Religious freedom remains a dream for Vietnamese Christians, despite recent reports touting the country’s diversity and tolerance.
The communist government only recognizes some Christian groups in the largely Buddhist nation, so many meet in unregistered home churches, risking arrest. Officials monitor religious activities and sometimes harass even officially recognized churches, leaving Catholic and Protestant groups at the mercy of local officials.

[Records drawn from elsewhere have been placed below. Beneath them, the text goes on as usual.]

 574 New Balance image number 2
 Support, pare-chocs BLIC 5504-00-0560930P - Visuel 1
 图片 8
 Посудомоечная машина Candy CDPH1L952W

This year at least 50 Christians were arrested, many pastors and church leaders remain in prison, and a Hmong church elder died in police custody. For all these reasons, Open Doors International ranked Vietnam No. 21 on a list of the worst countries for religious freedom. In January, Vietnam enacted a new rule that made it harder for unregistered churches to become legal, according to Morning Star News. Critics said it was an attempt to stomp out house churches.
“Nothing like true religious freedom exists in Vietnam and the authoritarian government still regularly cracks down on religious groups,” said Ryan Morgan, International Christian Concern’s regional manager for Southeast Asia. “Christians simply cannot meet without the permission of the government.” Vietnam also requires all religious publishing go through a government agency. Bibles written in the language of the Hmong minority are still illegal and must be smuggled in.

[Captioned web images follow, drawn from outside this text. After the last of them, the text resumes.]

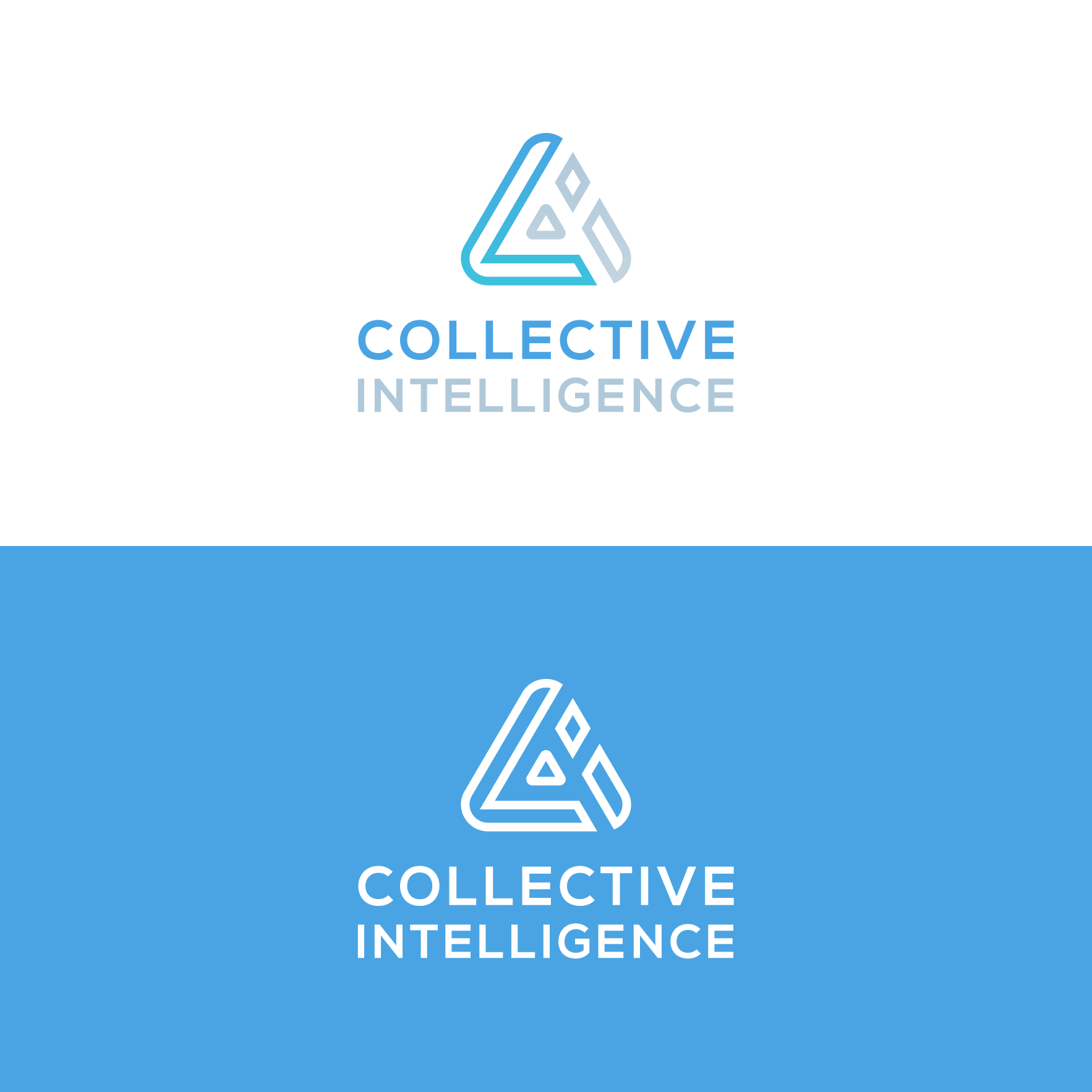 Logo Design by sal_amah for this project | Design #33318986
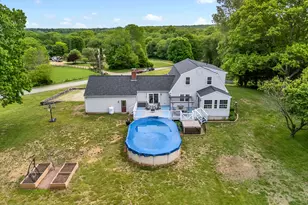 103 Nelkin Rd, Colchester, CT 06415 - Photo 38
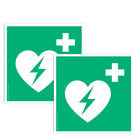 28254_140506_PICTOGRAMME DEFIBRILLATEUR_Lot 2.png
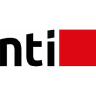 NTI logo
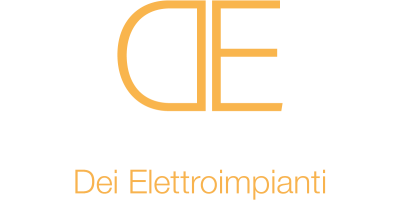 Dei Elettroimpianti srl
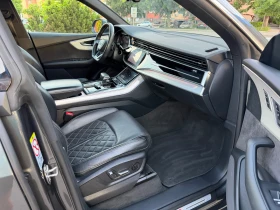 Audi Q8 50 TDI /// S-Line | Mobile.bg � ����� ������ 14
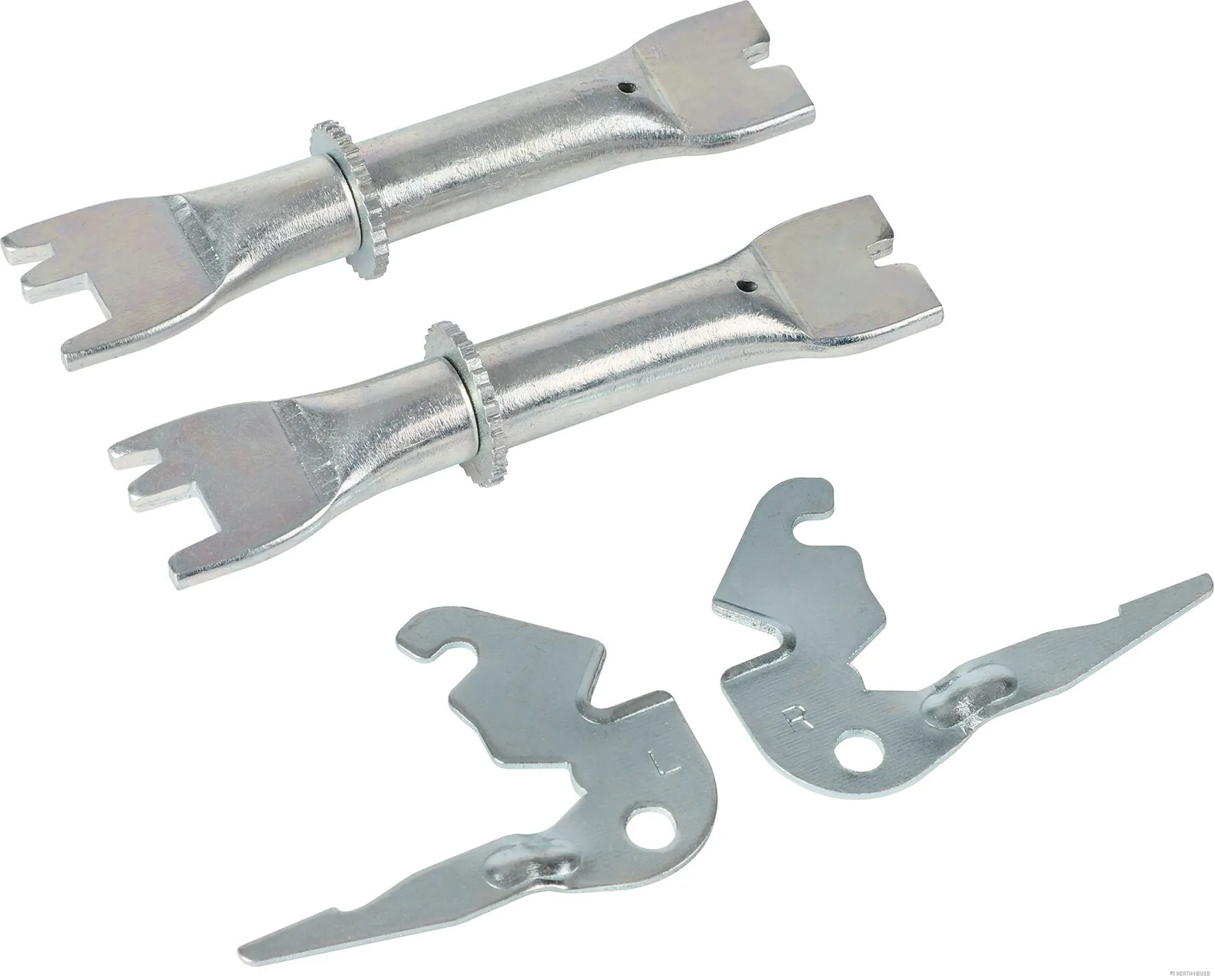 Adjuster, drum brake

In May, two Catholics were arrested after visiting a shrine, according to Baptist Press. When they were not released in September, a group of Catholics in northern Vietnam protested their detainment. Police and soldiers fired on the crowd, injuring 40 people.
After investigating the death of the church elder in police custody, officials said he died by electrocution, but claimed it was self-inflicted, according to Christian Solidarity Worldwide. The man’s family say he was killed by authorities.

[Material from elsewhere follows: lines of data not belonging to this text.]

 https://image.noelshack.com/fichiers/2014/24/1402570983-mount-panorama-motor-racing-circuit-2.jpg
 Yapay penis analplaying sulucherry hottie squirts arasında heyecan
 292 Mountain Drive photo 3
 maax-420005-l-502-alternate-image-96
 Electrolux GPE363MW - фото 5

The oppressive regime also seizes property. Morgan said authorities in the province of Binh Phuoc are “insisting on 116 chapels that fall under the legally registered Evangelical Church of Vietnam be torn down.” Asia News reported in September that the government was trying to take more land from the Redemptorists of Thai Ha parish, a Catholic group.
Todd Nettleton, director of Media Development for Voice of the Martyrs, said that “most government leaders certainly consider Christianity a ‘Western’ religion and see it as a threat to communist rule or even a form of espionage from the West designed to undermine their power.” He noted that “ethnic animosity” also comes into play in some arrests.
International Christian Concern obtained a list of more than 60 pastors and church leaders who remain in four prison camps. Nearly all of the prisoners on the list are members of ethnic minority communities in the Central Highlands of Vietnam, according to the organization.
Some U.S. legislators hope to pressure Vietnam to improve its treatment of Christians. By a 405-to-3 vote, the House of Representatives passed the Vietnam Human Rights Act in August. The bill would prohibit any increase in non-humanitarian aid to Vietnam unless it improves its record on human rights. Rep. Chris Smith, R-N.J., the bill’s sponsor, said: “Victims have been jailed and harassed just for practicing their faith and standing up for what they believe in.”